Our History || The school has been made possible by hardworking, pioneering parents and teachers who have worked with joy, vision, and dedication to the mission of bringing an independent school inspired by Waldorf education to the East Bay region of the San Francisco Bay Area. The school is deeply grateful to all the educators, parents, and financial supporters past and present who continue to help Berkeley Rose grow and prosper.
We acknowledge that our school sits on the ancestral homelands of the Chochenyo Ohlone people, who stewarded this part of the Earth sustainably for thousands of years and who continue to inhabit the Bay Area. What we call Berkeley is known as xučyun in Chochenyo, the native language of the Eastern shores of San Francisco Bay.

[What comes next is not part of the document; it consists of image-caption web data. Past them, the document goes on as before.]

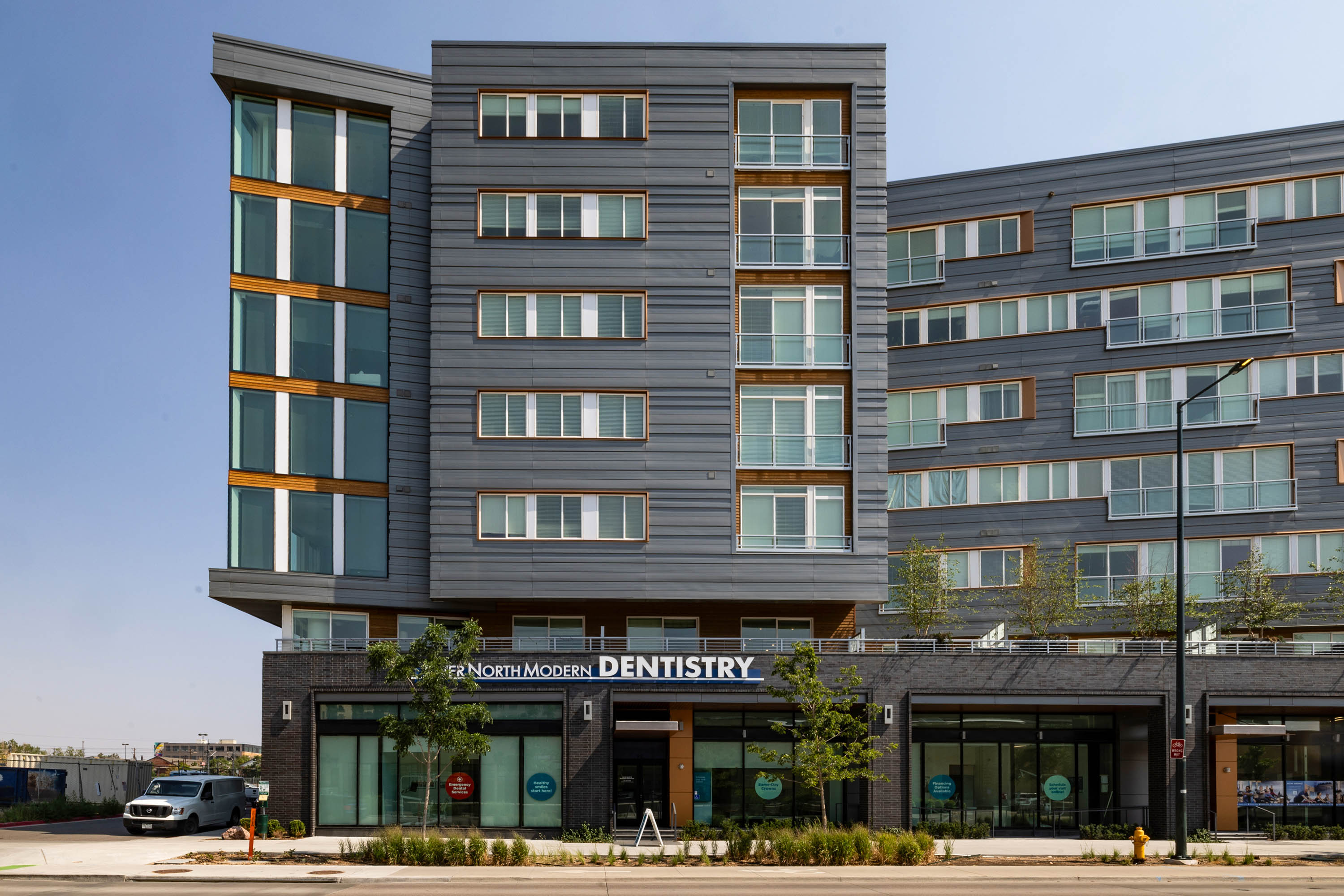 River North Modern Dentistry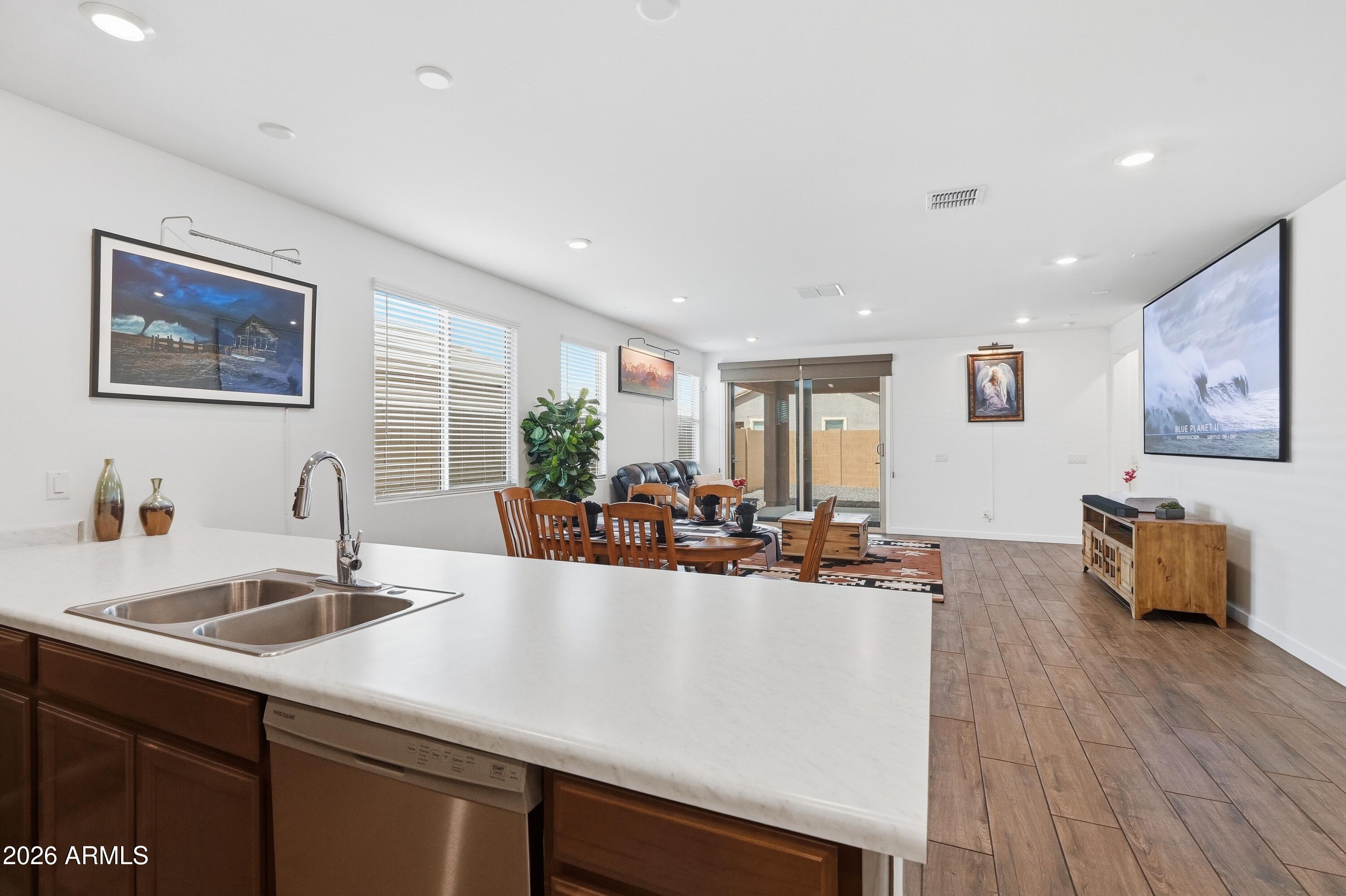 SUNSET FARMS UNIT 4 - Residential
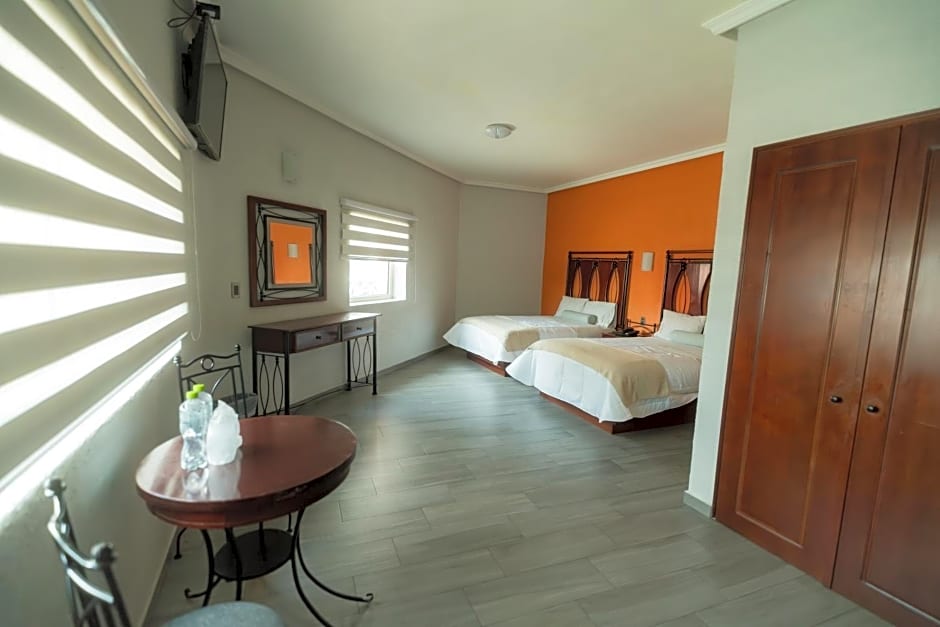 Hotel Alcazar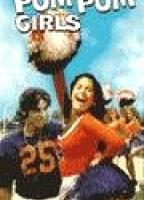 The Pom Pom Girls movie nude scenes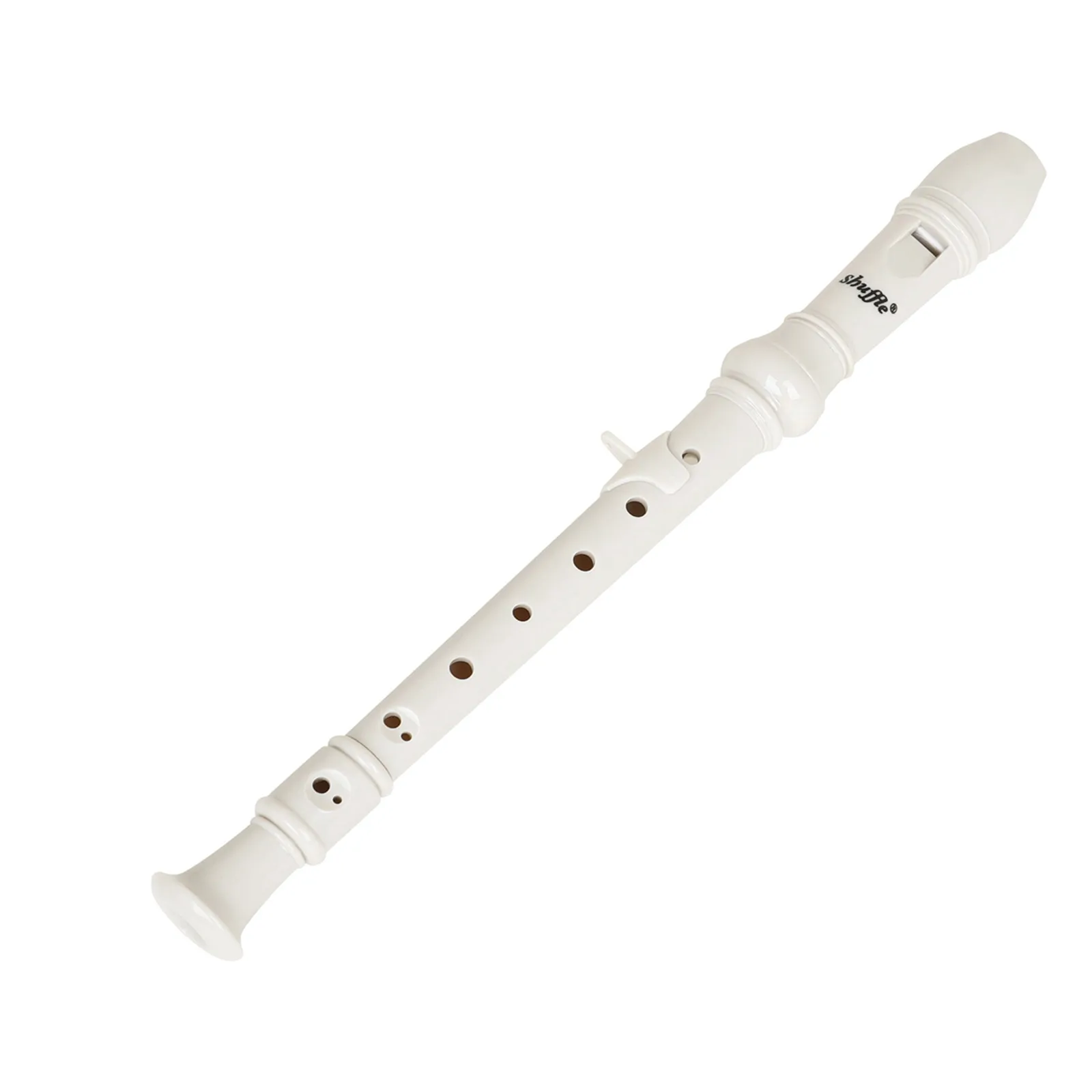 Регистратор с 8 отверстиями в  – обзор и цена Musical Instrument Recorder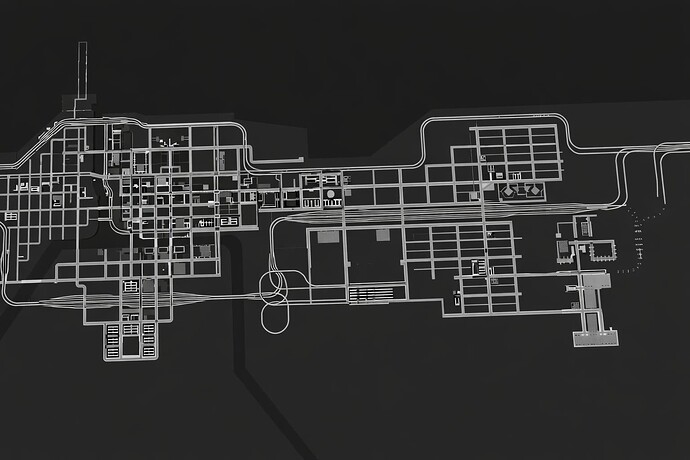 Chicago “Windy City” | Map | V1 thumbnail 3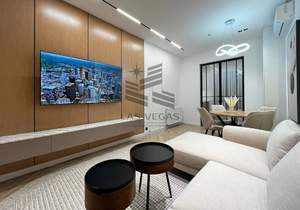 2-к квартира, на длительный срок, 80м2, 14/16 этаж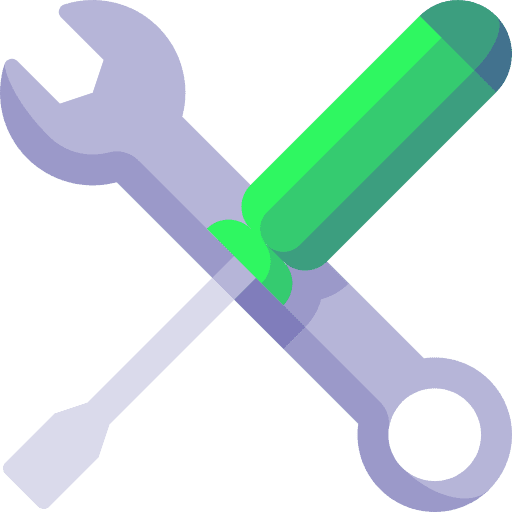 Screwdriver screwdriver home repair tools icon Screwdriver screwdriver home repair tools icon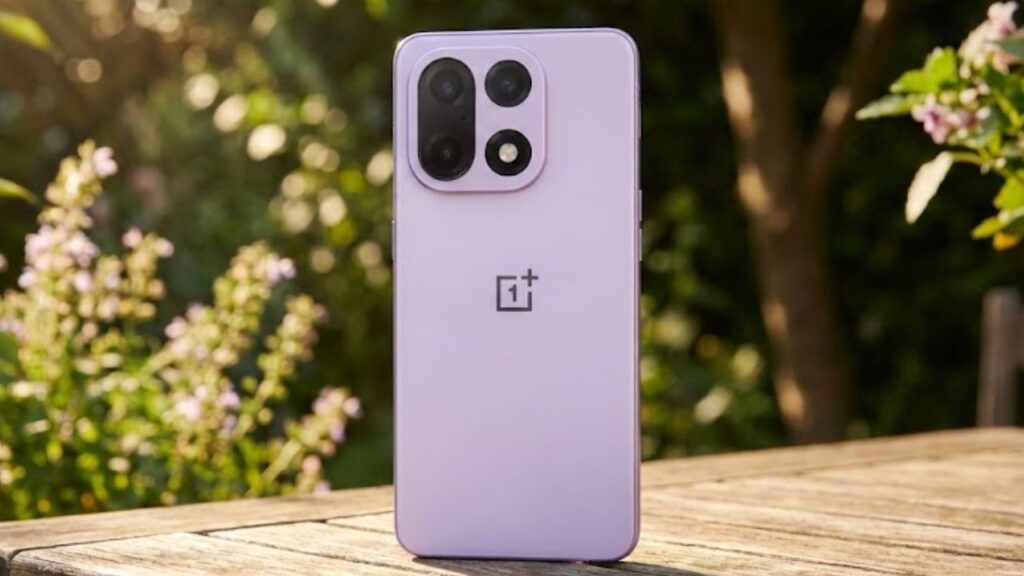 OnePlus 16 Camera Upgrades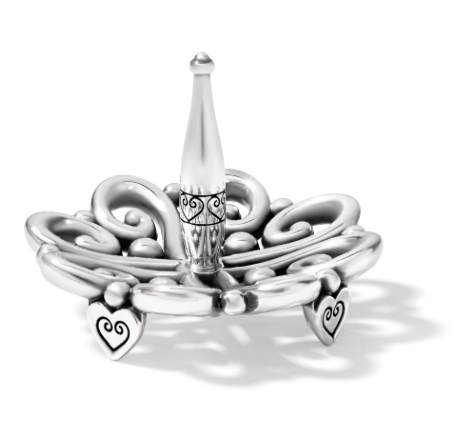 Alcazar Ring Holder G82290 ring holder Brighton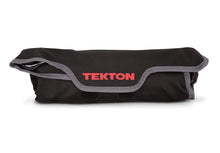 Load image into Gallery viewer, TEKTON Combination Wrench Set with Roll-up Storage Pouch, Inch, 1/4-Inch - 1-Inch, 15-Piece | WRN03293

The Ohlone persevere in their steadfast efforts to protect sacred sites and revitalize their cultural practices and language. The final native speaker of Chochenyo died in 1934, but in the last two decades the language has been revived by the Muwekma Ohlone Tribe, and many members are now able to carry on conversations in Chochenyo. The Muwekma Ohlone continue to fight for federal recognition and the protection of sacred sites. The West Berkeley Shellmound and Village site at 1900 Fourth Street—just 3 miles from our campus—was placed on the 2020 list of America’s 11 Most Endangered Historic Places by the National Trust for Historic Preservation.
We honor the wisdom, resilience, and perseverance of the Ohlone people, and recognize their sacred and historic relationship to this part of the Earth.
Berkeley Rose is an Associate Member of AWSNA
Berkeley Rose Waldorf School (BRWS) is accredited by the Association of Waldorf Schools of North America (AWSNA) as an Associate member.
The teachings and philosophy take a complete approach to learning—“head, heart, and hands”—and address each child as an individual with innate talents and abilities.